Source data
# # # # #

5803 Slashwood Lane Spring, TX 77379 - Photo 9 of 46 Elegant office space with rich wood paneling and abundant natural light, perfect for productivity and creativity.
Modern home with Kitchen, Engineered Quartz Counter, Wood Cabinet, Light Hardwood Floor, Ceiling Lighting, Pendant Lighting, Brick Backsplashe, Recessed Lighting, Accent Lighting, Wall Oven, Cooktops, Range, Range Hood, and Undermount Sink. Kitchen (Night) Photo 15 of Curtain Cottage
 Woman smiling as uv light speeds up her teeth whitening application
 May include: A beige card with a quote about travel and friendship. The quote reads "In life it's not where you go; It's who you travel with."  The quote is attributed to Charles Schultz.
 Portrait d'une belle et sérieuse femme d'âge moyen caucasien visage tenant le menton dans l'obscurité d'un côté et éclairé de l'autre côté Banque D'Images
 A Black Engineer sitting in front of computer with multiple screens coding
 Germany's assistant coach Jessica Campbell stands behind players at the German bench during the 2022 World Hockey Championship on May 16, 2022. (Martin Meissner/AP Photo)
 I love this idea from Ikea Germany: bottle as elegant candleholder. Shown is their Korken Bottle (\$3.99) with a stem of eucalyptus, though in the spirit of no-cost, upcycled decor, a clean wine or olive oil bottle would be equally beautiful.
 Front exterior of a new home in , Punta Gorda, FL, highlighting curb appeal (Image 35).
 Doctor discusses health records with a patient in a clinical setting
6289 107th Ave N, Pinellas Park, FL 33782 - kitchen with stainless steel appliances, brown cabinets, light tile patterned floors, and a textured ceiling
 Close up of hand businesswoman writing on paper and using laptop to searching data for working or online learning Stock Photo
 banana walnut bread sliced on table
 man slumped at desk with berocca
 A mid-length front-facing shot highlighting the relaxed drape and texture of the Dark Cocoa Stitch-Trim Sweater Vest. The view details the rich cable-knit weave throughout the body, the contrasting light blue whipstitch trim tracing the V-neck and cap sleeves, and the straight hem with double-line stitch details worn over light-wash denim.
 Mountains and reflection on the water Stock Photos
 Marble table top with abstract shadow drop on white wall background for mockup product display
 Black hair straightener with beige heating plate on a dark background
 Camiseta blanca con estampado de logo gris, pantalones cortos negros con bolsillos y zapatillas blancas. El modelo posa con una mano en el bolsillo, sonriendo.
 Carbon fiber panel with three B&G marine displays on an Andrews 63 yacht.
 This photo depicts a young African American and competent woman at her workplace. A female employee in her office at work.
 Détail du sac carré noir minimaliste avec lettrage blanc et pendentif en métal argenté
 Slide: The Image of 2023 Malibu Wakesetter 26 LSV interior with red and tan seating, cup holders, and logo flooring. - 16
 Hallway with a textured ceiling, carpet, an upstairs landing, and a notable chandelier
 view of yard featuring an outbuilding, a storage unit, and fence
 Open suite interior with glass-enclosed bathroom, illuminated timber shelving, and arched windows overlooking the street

# # # # #

> _About this exercise_: Above are records; repeat only the lines starting at the line with "I love this" and ending at the line with "Détail du sac", exactly as they appear, both included.

> _Answer space_:
 I love this idea from Ikea Germany: bottle as elegant candleholder. Shown is their Korken Bottle (\$3.99) with a stem of eucalyptus, though in the spirit of no-cost, upcycled decor, a clean wine or olive oil bottle would be equally beautiful.
 Front exterior of a new home in , Punta Gorda, FL, highlighting curb appeal (Image 35).
 Doctor discusses health records with a patient in a clinical setting
6289 107th Ave N, Pinellas Park, FL 33782 - kitchen with stainless steel appliances, brown cabinets, light tile patterned floors, and a textured ceiling
 Close up of hand businesswoman writing on paper and using laptop to searching data for working or online learning Stock Photo
 banana walnut bread sliced on table
 man slumped at desk with berocca
 A mid-length front-facing shot highlighting the relaxed drape and texture of the Dark Cocoa Stitch-Trim Sweater Vest. The view details the rich cable-knit weave throughout the body, the contrasting light blue whipstitch trim tracing the V-neck and cap sleeves, and the straight hem with double-line stitch details worn over light-wash denim.
 Mountains and reflection on the water Stock Photos
 Marble table top with abstract shadow drop on white wall background for mockup product display
 Black hair straightener with beige heating plate on a dark background
 Camiseta blanca con estampado de logo gris, pantalones cortos negros con bolsillos y zapatillas blancas. El modelo posa con una mano en el bolsillo, sonriendo.
 Carbon fiber panel with three B&G marine displays on an Andrews 63 yacht.
 This photo depicts a young African American and competent woman at her workplace. A female employee in her office at work.
 Détail du sac carré noir minimaliste avec lettrage blanc et pendentif en métal argenté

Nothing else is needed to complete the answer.